Converting a GeoJSON to Uber's h3 is quite simple.
Attaching a sample code snippet and GeoJSON used below:
GeoJSON:
{"type": "FeatureCollection","features": [{"type": "Feature","properties": {},"geometry": {"type": "Polygon", "coordinates": [[[77.5250244140625,13.00857192009273],[77.51266479492188,12.971103764892034],[77.52777099609375,12.94099133483504],[77.57171630859375,12.907528813968185],[77.60604858398438,12.914890953258695],[77.662353515625,12.928276105253065],[77.69874572753906,12.961066692801282],[77.65823364257812,13.00990996390651],[77.58956909179688,13.04469656691112],[77.53944396972656,13.038007215169166],[77.5250244140625,13.00857192009273]]]}}]}
Code:
from h3converter import h3converter
geojson_raw = open("sampleJson.geojson",)

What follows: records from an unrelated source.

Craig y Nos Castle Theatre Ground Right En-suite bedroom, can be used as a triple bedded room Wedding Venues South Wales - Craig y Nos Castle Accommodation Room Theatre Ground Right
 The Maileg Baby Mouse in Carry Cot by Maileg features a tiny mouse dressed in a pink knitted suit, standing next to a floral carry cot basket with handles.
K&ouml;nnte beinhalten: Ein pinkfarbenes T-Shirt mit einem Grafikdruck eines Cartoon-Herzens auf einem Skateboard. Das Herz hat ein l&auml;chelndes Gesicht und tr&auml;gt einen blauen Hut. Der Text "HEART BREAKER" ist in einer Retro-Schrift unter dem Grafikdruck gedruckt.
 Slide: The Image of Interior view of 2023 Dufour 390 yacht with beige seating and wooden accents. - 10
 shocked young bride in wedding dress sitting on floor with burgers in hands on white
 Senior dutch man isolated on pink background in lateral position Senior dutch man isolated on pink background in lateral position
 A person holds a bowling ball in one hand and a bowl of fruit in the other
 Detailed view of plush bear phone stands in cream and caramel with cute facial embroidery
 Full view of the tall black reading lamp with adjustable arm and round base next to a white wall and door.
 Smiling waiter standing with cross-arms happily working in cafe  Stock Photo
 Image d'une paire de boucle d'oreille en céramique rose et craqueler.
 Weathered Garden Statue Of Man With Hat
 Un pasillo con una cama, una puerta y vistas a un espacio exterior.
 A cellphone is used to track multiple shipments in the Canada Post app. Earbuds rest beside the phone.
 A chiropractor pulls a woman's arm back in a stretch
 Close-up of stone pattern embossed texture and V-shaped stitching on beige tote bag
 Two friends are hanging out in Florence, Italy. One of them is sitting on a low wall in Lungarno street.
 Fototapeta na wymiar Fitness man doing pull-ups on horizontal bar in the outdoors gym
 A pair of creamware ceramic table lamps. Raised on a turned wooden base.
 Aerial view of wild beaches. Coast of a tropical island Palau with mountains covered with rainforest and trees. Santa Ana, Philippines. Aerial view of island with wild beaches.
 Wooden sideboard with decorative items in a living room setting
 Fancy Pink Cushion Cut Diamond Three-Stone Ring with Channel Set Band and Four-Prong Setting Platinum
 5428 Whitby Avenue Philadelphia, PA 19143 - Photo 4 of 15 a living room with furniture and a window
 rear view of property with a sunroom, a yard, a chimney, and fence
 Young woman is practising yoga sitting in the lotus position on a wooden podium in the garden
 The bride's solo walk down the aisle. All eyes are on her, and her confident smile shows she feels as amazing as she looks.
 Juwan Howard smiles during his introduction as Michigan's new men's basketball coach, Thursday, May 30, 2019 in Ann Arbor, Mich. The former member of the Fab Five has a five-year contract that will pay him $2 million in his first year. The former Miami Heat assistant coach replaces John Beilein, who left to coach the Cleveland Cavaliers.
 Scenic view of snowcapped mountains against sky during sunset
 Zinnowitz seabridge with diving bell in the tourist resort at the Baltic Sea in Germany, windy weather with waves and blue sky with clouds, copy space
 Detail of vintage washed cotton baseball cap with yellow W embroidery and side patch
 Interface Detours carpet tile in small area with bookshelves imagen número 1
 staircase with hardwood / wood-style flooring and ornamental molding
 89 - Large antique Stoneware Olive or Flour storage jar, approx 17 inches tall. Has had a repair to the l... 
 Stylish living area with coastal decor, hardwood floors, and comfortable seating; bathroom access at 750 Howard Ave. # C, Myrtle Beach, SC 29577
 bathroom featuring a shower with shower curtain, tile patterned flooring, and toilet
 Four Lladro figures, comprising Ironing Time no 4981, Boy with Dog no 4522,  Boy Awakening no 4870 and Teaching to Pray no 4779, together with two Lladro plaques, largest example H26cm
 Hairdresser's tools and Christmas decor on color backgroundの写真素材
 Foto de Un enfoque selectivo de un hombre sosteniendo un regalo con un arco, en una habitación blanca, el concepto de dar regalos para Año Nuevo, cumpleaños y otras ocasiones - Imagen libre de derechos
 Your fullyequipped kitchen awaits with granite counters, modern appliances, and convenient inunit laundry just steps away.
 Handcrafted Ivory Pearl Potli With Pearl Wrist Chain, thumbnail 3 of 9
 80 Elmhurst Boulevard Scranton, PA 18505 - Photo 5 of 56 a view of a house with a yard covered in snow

geojson = json.load(geojson_raw)
h3_list = []
h3_resolution = 7
for feature in geojson["features"]:
feature_h3 = h3converter.polyfill(feature["geometry"], h3_resolution)
h3_list.append(feature_h3)
print("H3's created => ", len(feature_h3))
print(h3_list)
Response:
[{'8761892edffffff', '8760145b0ffffff', '87618925effffff', '87618925bffffff', '87618924affffff', '876189256ffffff', '8760145b1ffffff', '8761892eaffffff', '8761892eeffffff', '876189253ffffff', '876189259ffffff', '8760145b2ffffff', '876014586ffffff', '8760145b4ffffff', '8761892e1ffffff', '8760145a2ffffff', '8761892ecffffff', '876189251ffffff', '8760145a4ffffff', '8761892e5ffffff', '87618925affffff', '8761892e9ffffff', '8761892cdffffff', '876189250ffffff', '87618925dffffff', '8760145b6ffffff', '876014595ffffff', '876189252ffffff', '8761892ebffffff', '8760145a3ffffff', '8760145a6ffffff', '876014584ffffff', '876189258ffffff', '8760145b5ffffff', '8760145b3ffffff', '876014594ffffff', '8761892c9ffffff', '87618925cffffff', '8760145a0ffffff', '8761892e8ffffff'}]
Package used: https://pypi.org/project/h3converter/
You could use the above package to convert h3 to GeoJSON as well.